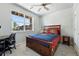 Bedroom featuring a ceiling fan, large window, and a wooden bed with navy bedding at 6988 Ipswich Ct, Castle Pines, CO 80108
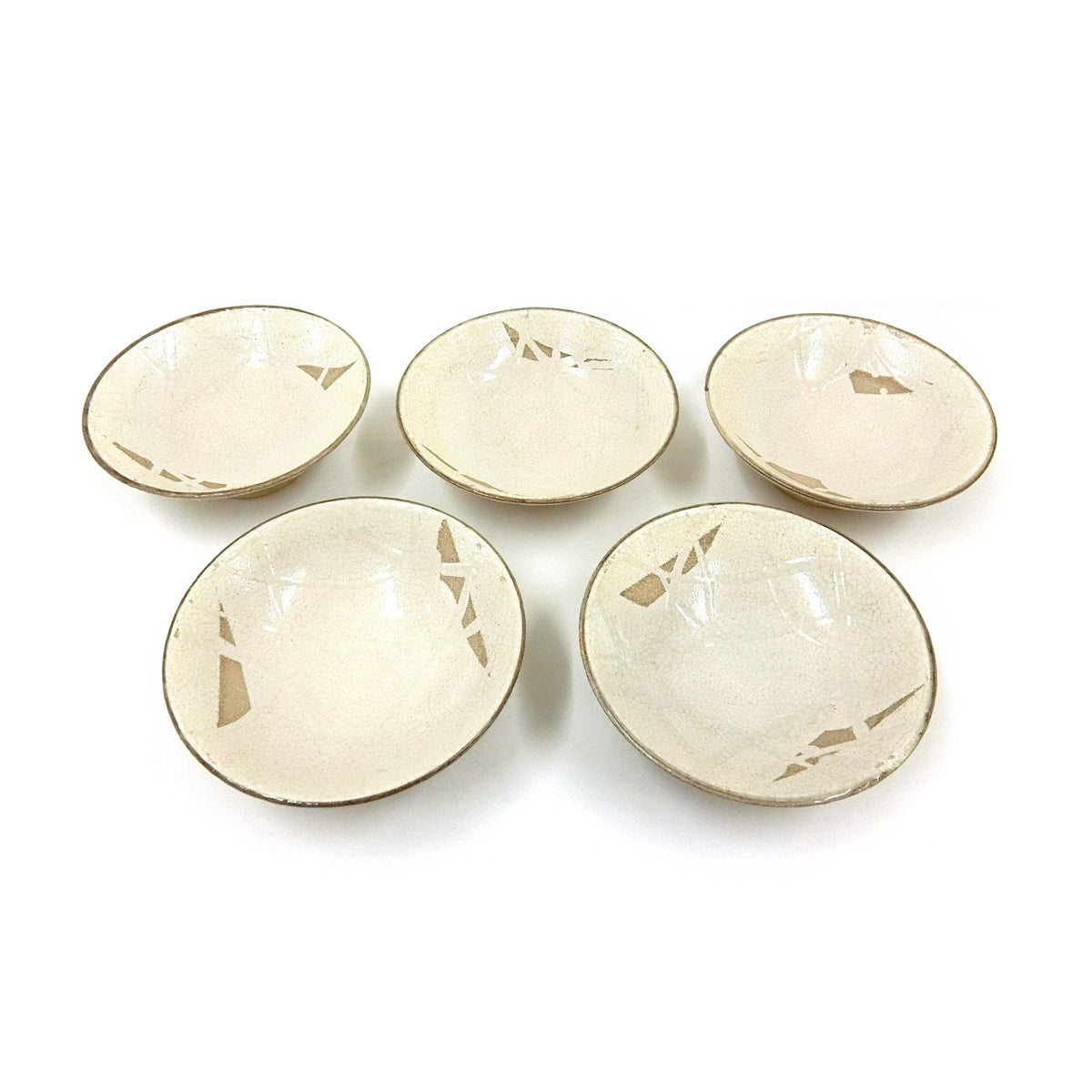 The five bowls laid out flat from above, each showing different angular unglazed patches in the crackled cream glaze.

_____

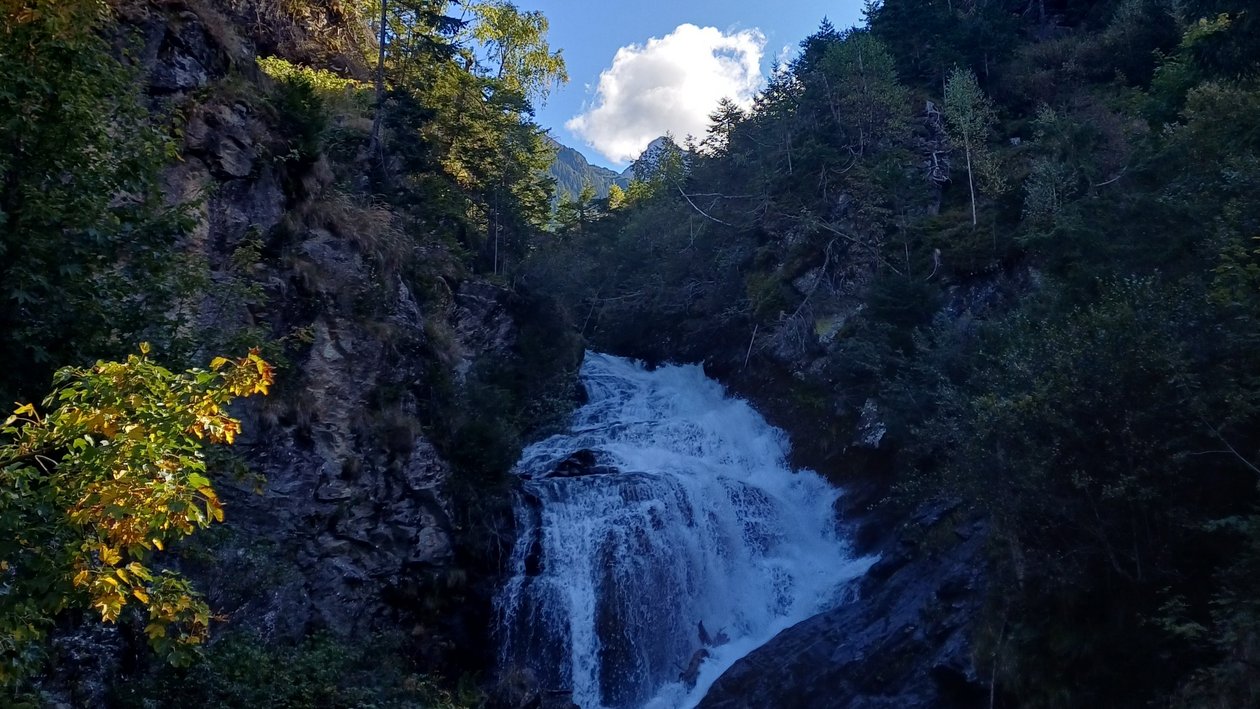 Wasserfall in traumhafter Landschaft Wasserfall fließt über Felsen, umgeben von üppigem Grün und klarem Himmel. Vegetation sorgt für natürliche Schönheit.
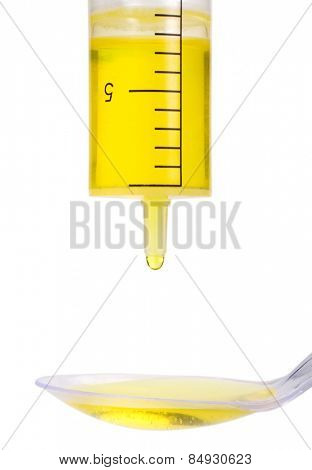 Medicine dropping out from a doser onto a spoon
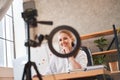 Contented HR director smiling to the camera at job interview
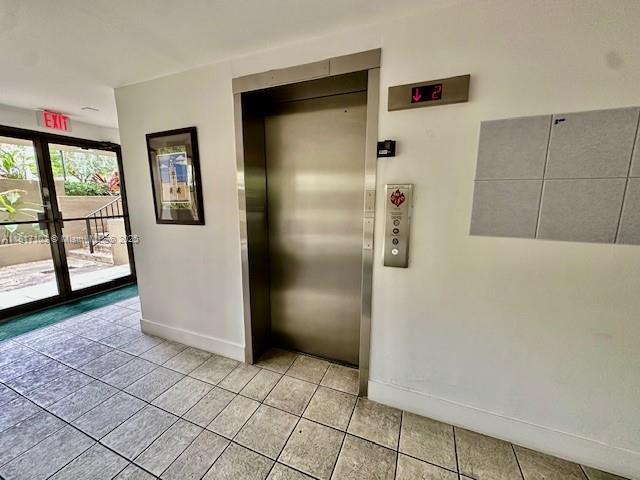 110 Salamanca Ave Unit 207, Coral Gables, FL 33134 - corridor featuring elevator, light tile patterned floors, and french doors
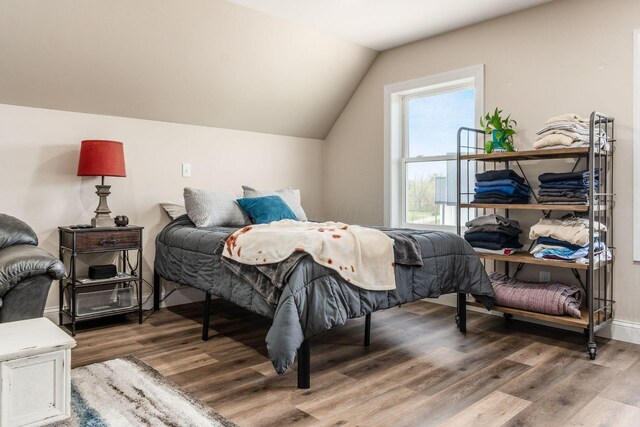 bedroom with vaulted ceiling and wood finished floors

_____

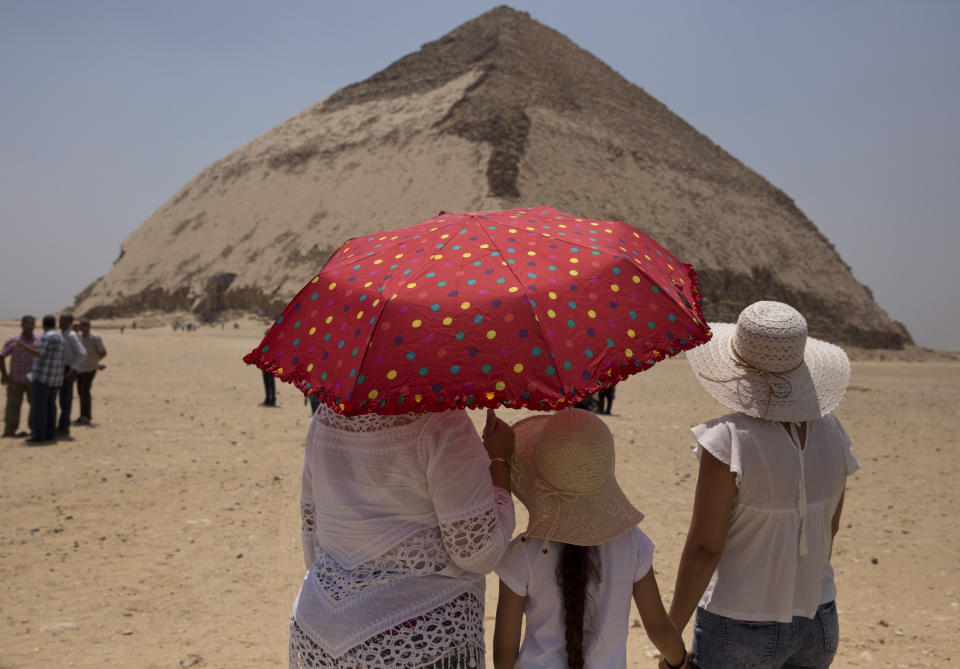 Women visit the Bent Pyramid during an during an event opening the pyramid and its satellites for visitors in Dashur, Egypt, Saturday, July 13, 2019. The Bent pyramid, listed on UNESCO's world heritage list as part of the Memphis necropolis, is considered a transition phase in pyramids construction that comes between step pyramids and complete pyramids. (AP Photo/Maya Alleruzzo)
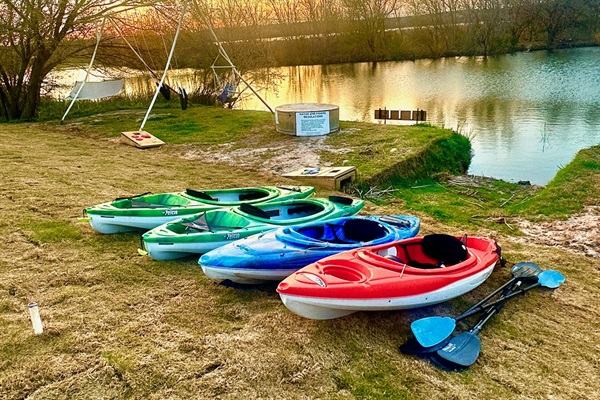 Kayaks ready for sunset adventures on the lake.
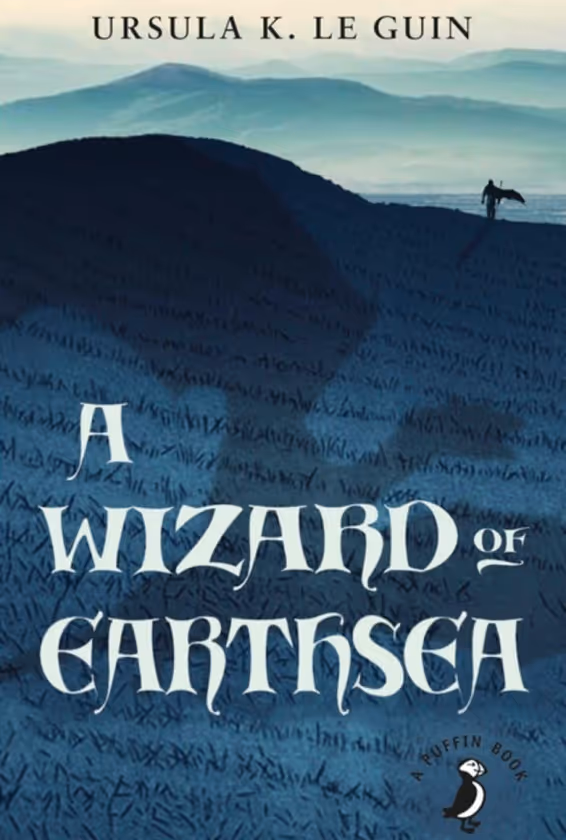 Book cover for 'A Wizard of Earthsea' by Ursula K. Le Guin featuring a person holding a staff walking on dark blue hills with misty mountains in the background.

_____

Within the material above, find the part that opens with the line containing "Kayaks ready for" and closes with the line containing "Book cover for", and reproduce it exactly without the pictures.

 Kayaks ready for sunset adventures on the lake.
 Book cover for 'A Wizard of Earthsea' by Ursula K. Le Guin featuring a person holding a staff walking on dark blue hills with misty mountains in the background.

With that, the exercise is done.